Il comma 3-quinquies aggiunto al medesimo art. 10-bis della legge reg. n. 24 del 1999 prescrive, ai fini del precedente comma, che «Il perimetro dell’edificio e le distanze tra gli edifici sono calcolate con le modalità stabilite dal Reg. reg. 3 novembre 2008, n. 9 (Disciplina di attuazione dell’art. 12, comma 1, lettere a e d-bis della legge regionale 18 febbraio 2004, n. 1 «Norme per l’attività edilizia» − Criteri per regolamentare l’attività edilizia e per il calcolo delle superfici, delle volumetrie, delle altezze e delle distanze relative alla edificazione). Ai fini della classificazione di polo commerciale, sono considerati anche gli edifici separati da strade delle tipologie F-Strade locali e F-bis-Itinerari ciclopedonali di cui all’articolo 2, comma 2, del decreto legislativo 30 aprile 1992, n. 285 (Nuovo codice della strada)».
Orbene, secondo il ricorrente, con le norme regionali sopra citate viene, di fatto, introdotta l’eventualità che un esercizio di vicinato debba essere sottoposto ad autorizzazione preventiva, in quanto facente parte di un «polo commerciale» come definito dalla norma, potendosi pertanto verificare la possibilità che, a priori, l’esercente non sia in condizioni di conoscere i requisiti di accesso all’attività stessa. Infatti, l’avvio dell’attività verrebbe sottoposto a disposizioni specifiche, in relazione alla superficie di vendita complessiva eventualmente derivante dall’appartenenza, appunto, ad un polo commerciale che, in alcuni casi, non è all’evidenza chiaramente individuabile in tale fase; e ciò anche alla luce dei complessi criteri previsti al comma 3-quinquies.
Tale interpretazione sarebbe ulteriormente confermata dal comma 3-ter dell’art. 10-bis, sempre introdotto dalla norma impugnata, secondo il quale: «La diversa articolazione interna della superficie di vendita degli esercizi commerciali presenti in un polo commerciale sono soggette (recte: è soggetta) a SCIA da presentare secondo le modalità di cui all’articolo 4-bis, salvo superamento degli standard urbanistici e di viabilità originariamente previsti. In tal caso trova applicazione la procedura di autorizzazione di cui al comma 3».

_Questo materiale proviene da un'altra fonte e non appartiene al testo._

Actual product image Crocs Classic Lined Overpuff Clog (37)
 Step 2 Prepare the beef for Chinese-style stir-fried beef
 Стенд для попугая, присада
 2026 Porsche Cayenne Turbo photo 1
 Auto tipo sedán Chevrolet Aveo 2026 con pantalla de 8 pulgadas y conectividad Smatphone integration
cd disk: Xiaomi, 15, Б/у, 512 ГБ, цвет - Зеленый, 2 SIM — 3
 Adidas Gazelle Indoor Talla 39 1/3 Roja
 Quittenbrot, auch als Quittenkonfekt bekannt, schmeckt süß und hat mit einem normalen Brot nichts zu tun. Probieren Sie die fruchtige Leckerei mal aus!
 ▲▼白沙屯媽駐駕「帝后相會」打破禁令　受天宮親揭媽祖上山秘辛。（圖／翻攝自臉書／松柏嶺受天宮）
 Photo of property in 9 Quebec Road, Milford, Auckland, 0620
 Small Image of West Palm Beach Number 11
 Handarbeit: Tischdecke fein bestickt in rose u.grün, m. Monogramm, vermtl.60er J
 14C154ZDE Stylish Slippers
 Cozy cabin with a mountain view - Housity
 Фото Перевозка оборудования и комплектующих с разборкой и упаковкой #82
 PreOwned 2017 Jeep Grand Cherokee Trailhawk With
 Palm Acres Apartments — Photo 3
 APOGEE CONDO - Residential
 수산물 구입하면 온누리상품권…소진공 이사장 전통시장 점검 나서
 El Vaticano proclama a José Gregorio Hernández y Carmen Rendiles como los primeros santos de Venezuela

Le citate norme regionali, quindi, introdurrebbero regole restrittive e discriminatorie, in contrasto con i principi di liberalizzazione contenuti nell’art. 31, comma 2, del decreto-legge 6 dicembre 2011, n. 201 (Disposizioni urgenti per la crescita, l’equità e il consolidamento dei conti pubblici), convertito, con modificazioni, dall’art. 1, comma 1, della legge 22 dicembre 2011, n. 214, il quale stabilisce che «Secondo la disciplina dell’Unione Europea e nazionale in materia di concorrenza, libertà di stabilimento e libera prestazione di servizi, costituisce principio generale dell’ordinamento nazionale la libertà di apertura di nuovi esercizi commerciali sul territorio senza contingenti, limiti territoriali o altri vincoli di qualsiasi altra natura, esclusi quelli connessi alla tutela della salute, dei lavoratori, dell’ambiente, ivi incluso l’ambiente urbano, e dei beni culturali […]». Sarebbe violato quindi l’art. 117, secondo comma, lettera e), Cost., nonché il principio di libertà dell’iniziativa economica, di cui all’art. 41 Cost.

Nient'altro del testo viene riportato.